Depending on diagnosis, it is not uncommon for people with chronic conditions to be deficient in certain vitamins, and therefore may need supplementation. But, do you need a multi vitamin? If so, what kind? What about other vitamins?
This week, two new studies found no evidence that taking vitamins protected men’s brains or helped those who have had a heart attack. In the Annals of Internal Medicine editorial concerning these studies, the following was noted, "Evidence is sufficient to advise against routine supplementation." http://www.nlm.nih.gov/medlineplus/news/fullstory_143473.html
Some groups of people do benefit from supplementation. These include:
- * Folic acid for women planning a pregnancy to reduce the risks of a neural tube defects (e.g. spina bifida)
- * People on a vegan diet may benefit from vitamin B12 supplements
- * Those on long-term restrictive weight loss diets or people with malabsorption problems, such as diarrhea, celiac disease, cystic fibrosis or pancreatitis.
Some vitamins do not work, such as:
- * Vitamin supplements do not help to prevent cognitive decline in healthy older adults. Canadian Medical Journal July 9, 2013
- * Ginkgo biloba does not slow down cognitive decline in older adults. http://nccam.nih.gov/research/results/spotlight/20091229.htm
- *Taking Vitamin C will not prevent a cold.
Some vitamins can be harmful:
- * For people with HIV, taking St. John’s Wort to combat depression can reduce the effectiveness of several types of anti=HIV drugs by more than 50%.
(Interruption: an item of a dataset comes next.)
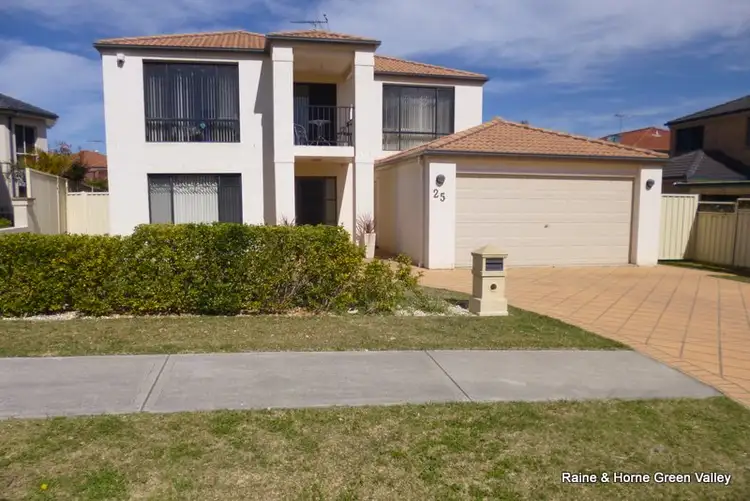 Main view of Homely house listing, 25 St George Crescent, Cecil Hills NSW 2171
- * Vitamin E, considered to be a promising tool for cancer prevention, turned out to have the opposite effect. Men who took vitamin E were 17% more likely, not less, to develop prostate cancer.
- * After years of telling women to take calcium, in February, the US Preventive Services Task Force recommended that postmenopausal women refrain from taking supplemental calcium and vitamin D. Not only did it not prevent fractures in healthy women, but several studies linked it to an increased risk of heart attack and death from cardiovascular disease.
Because people with chronic conditions may have a real need for vitamins and supplements, consider the following:
• To learn more about the various types of vitamins and supplements, check out Mayo Clinic Drugs and Supplements. This is an easy site to understand what works, as they use a grading system of A-F with A being strong scientific evidence for this use and F being strong scientific evidence against this use.
• Tell your medical provider what vitamins/supplements you are taking.
• Condition specific organizations, (e.g. American Diabetes Association) are good places to learn what’s being tried in terms of supplements for your particular condition.
• The best way to give your body the vitamins and minerals it needs is through diet. That noted, depending on condition, medications you are taking, and in the case of vitamin D- where you live, you may need certain supplements. Discuss this with your provider.
• University of Maryland Medical Center’s Complementary and Alternative Medicine Guide includes guides for herbs and supplements.